Audition monologues are an efficient way for casting directors to quickly become acquainted with actors, observe their type, assess their present level of skill, and learn what kinds of roles they most relate to. However, some monologue practices interfere with casting’s ability to view actors in their best light and are in fact distracting and confusing. Here are seven practices to dodge during audition monologues to keep the focus right where it belongs—on your performance. 

1. Avoid Shock Monologues

Sometimes actors resort to using shock value in hopes of standing out amongst the competition or to seem edgy. Unfortunately, using hot political topics of the day, religious material, or iffy sexual subjects can make casting feel uncomfortable or even offended. When making a first impression, it’s better to avoid pushing people’s buttons. Similarly, acting out a murder on an invisible character or miming a death scene can come off as confusing, if not humorous. An authentic performance centered on subject matter you genuinely care about is a lot more powerful to watch.

2. Ditch the Props

It’s best to avoid monologues that involve a lot of prop work. Casting directors want to immerse themselves in the performance, so when a nail file, cigarette, or love letter suddenly make an appearance, it can be surprisingly distracting. Various casting directors, however, have different levels of tolerance when it comes to the use of props, but one rule always stands firm: no weapons allowed. They don’t want to see nunchucks whirling or pocket knives brandished for obvious reasons. While some casting directors are okay with cell phones, perhaps a coat or pen, most agree that a prop should only be used if it’s absolutely essential to the content of the scene. Regarding chairs, sitting during a monologue can work out quite well, but certain performances seem stifled while seated, so consider whether you’ll sit or stand beforehand. 

3. Sidestep the Miming

Unless casting requests talent to do so, miming is best avoided. Talking on an invisible phone or taking a slug of pretend beer has a comical effect and appears amateur. Miming during a monologue has the potential of turning into a game of charades: Did she slam a door or swat a fly? It’s too confusing to the viewer. But if the material absolutely requires a little prop work, mime it as briefly as possible and keep the piece moving forward. 

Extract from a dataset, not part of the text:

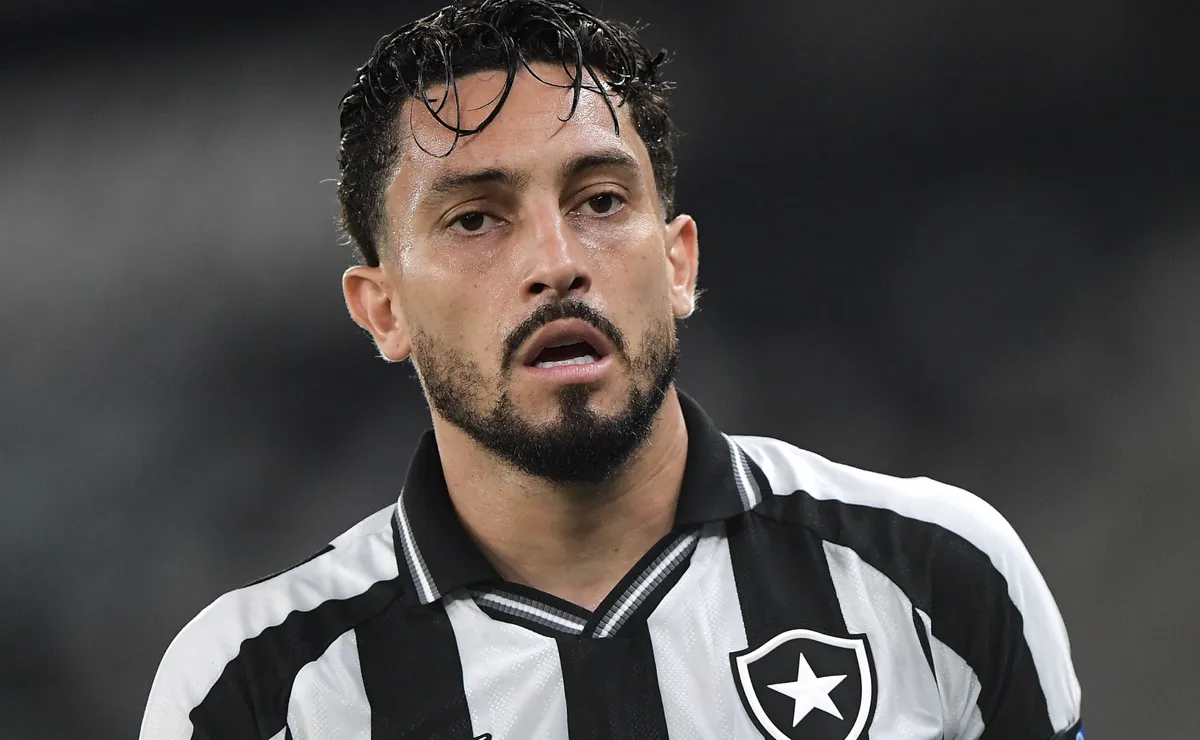 Alex Telles encabeça lista de cinco jogadores que podem deixar o Botafogo em dezembro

4. Avoid Using an Accent or Dialect

Unless specifically requested to speak with an accent or dialect, actors should use their own natural voice to prevent any confusion about their identity. Casting needs to know who exactly they’re dealing with when they select talent. Any mastered accents or dialects should be listed on the actor’s resume. 

5. Don’t Talk to the Air

During the monologue, pick a focal point to represent the character with whom you’re speaking. Imagine how this person is reacting to the speech as it unfolds and act accordingly. Also, unless asked to do so, avoid looking at casting directors while performing a monologue. Doing so can bring them out of the role of the observer and suddenly put them on the spot as if they’re part of the scene. And it can make casting feel uncomfortable. However, do make sure to look in a direction where it’s easy for casting directors to see your face as you speak.

6. Don’t Rush Your Delivery

Take your time to demonstrate you understand the true essence and artistry of the material. Casting is drawn in by your subtle emotion and the clarity of your words. It’s easy to miss the opportunity to fully connect with the material and the audience if you’re rushing.

7. Avoid Picking Popular Monologues

Casting directors see the same audition monologues delivered repeatedly. After all, the same monologue books and resources are available to everyone. Selecting an often-used monologue makes actors blend in with the crowd, and it conveys they didn’t put much thought into choosing material tailored to themselves. It’s better to find something more obscure to distinguish yourself. Be creative. You could perform a monologue using the lyrics to a poignant song, a passage from a favorite book, or from a character in a lesser-known Netflix series.

Focus on a truthful, authentic performance, and the rest will fall right into place.